Les efforts humanitaires se poursuivent

Lacey et d'autres sont préoccupé par les effets de la situation à long terme.

“Cela continue indéfiniment. Les manifestants ont un objectif: fermer le pays jusqu'à ce que Moïses quitte. Pendant ce temps, bien sûr, cela fait vraiment le plus de mal aux gens du commun”. a-t-elle dit.

D'autres efforts humanitaires se poursuivent sans relâche malgré de sérieux défis. Dans une déclaration faite le 21 novembre à GSR par l'organisation humanitaire basée en Floride Food for the Poor, le directeur de l'agence Angel Aloma a déclaré: “Sortir de la nourriture dans les zones rurales a été un défi. Nos travailleurs ont été abattus et un cas, un de nos chauffeurs a été blessé. “

Certaines familles ont encore pu se rendre dans un centre d'alimentation Food for the Poor à Port-au-Prince, a-t-il dit.

” Même lorsque nos travailleurs ne pouvaient pas cuisiner les repas habituels, ils emballeraient des provisions sèches comme des haricots et du riz et les donneraient aux affamés qui pourraient se rendre au centre d'alimentation “, a déclaré Aloma.

Dans un autre cas, l'agence a envoyé des sacs de riz et des haricots par bateau vers l'île de La Gonave, 87 000 habitants “, qui a été gravement touchée par les troubles”, a déclaré la porte-parole de l'agence, Kathy Skipper. Il n'était pas possible d'expédier de la nourriture et de l'eau à partir d'un port de Port-au-Prince en raison de problèmes de sécurité, a-t-elle dit, alors l'agence a trouvé quelqu'un avec un port privé.

“Cela a été difficile et nous avons été attristés. pour voir combien de temps cela continue.

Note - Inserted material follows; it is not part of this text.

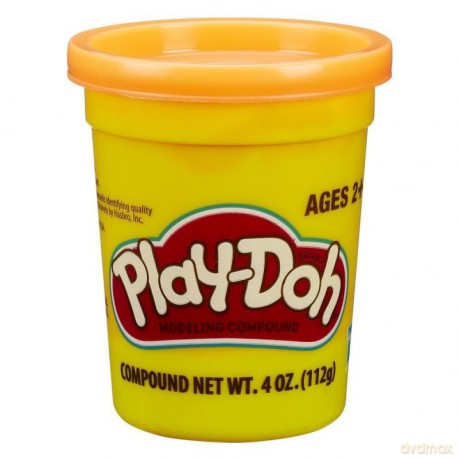 PlayDoh Tuba Pojedyncza na tacce, pomarańczowa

Mais nous avons déjà vu ces cycles en Haïti et nous prions pour que ce soit assez pacifique pour retourner à nos opérations normales “, a déclaré Aloma.

  
    
            Une femme reçoit un repas chaud pour elle et sa famille dans un centre d'alimentation Food for the Poor à Port-au-Prince, Haïti. (Gracieuseté de Food for the Poor)

Chris Bessey, directeur de Haïti pour Catholic Relief Services, basé à Baltimore, a fait écho à ces sentiments dans une interview avec GSR, en disant: “Nous faisons tout notre possible pour faire avancer les choses. “

Bien qu'espérant que la situation changera, Bessey a dit qu'il craignait parfois que cela puisse” durer des mois ou des années “si une solution politique à la crise n'était pas trouvée, notant que les” masses de gens “sont pris dans le

Bessey a dit qu'il ne croit pas que les donateurs au travail de CRS en Haïti abandonneront le pays, disant qu'il y a une base de donateurs fidèles aux États-Unis pour travailler en Haïti.

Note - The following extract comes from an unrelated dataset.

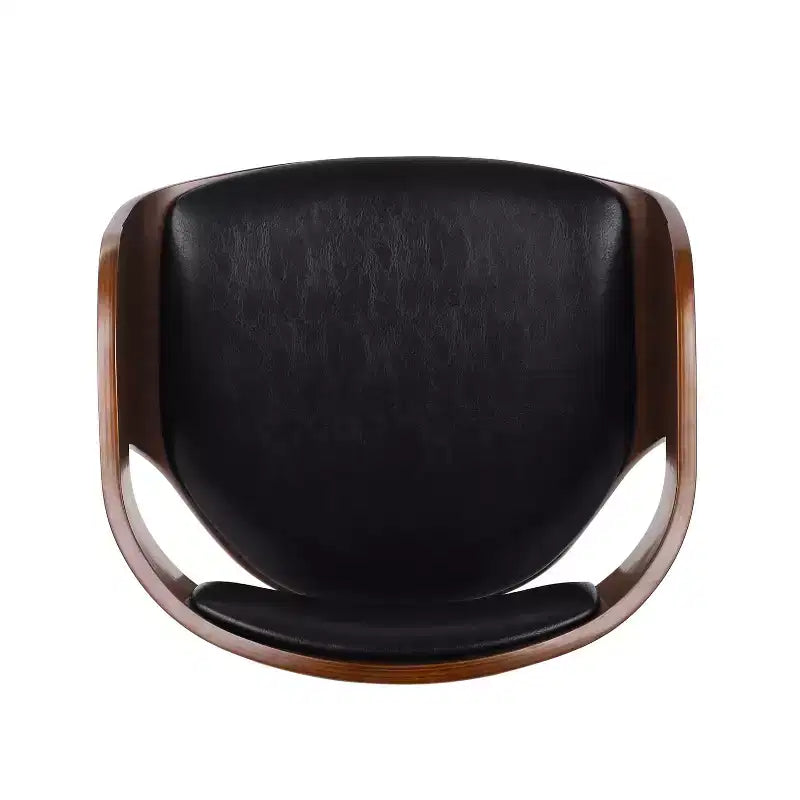 Tabouret de bar/chaise de salle à manger/tabouret haut de cuisine pivotant à 360 degrés (noir et marron)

“Je sais il y a un lien fort [in the United States] avec le peuple d'Haïti “, a-t-il dit, citant des liens individuels, organisationnels, diocésains et de paroisse à paroisse.

Boyer Jean Odlin, un jeune professionnel sans emploi depuis l'ouragan Matthew a frappé Haïti en 2016, fait partie de ceux qui espèrent un changement.

Il a quitté la ville côtière du sud des Cayes pour l'île de l'Île-à-Vache en mai dans l'espoir d'une vie meilleure. Bien que la vie quotidienne sur l'île ne soit pas aussi difficile que dans les grandes villes comme Port-au-Prince, Odlin a déclaré à GSR qu'un exemple des difficultés de la vie actuelle dans les zones urbaines est celui des hommes armés armés arrêtant des voitures

La seule solution à l'impasse politique actuelle, a-t-il dit, est de mettre fin aux “combats entre l'opposition et le gouvernement”. Dans l'état actuel des choses, a-t-il dit, la situation en Haïti est devenue “invivable. Il y a tellement de misère en ce moment”.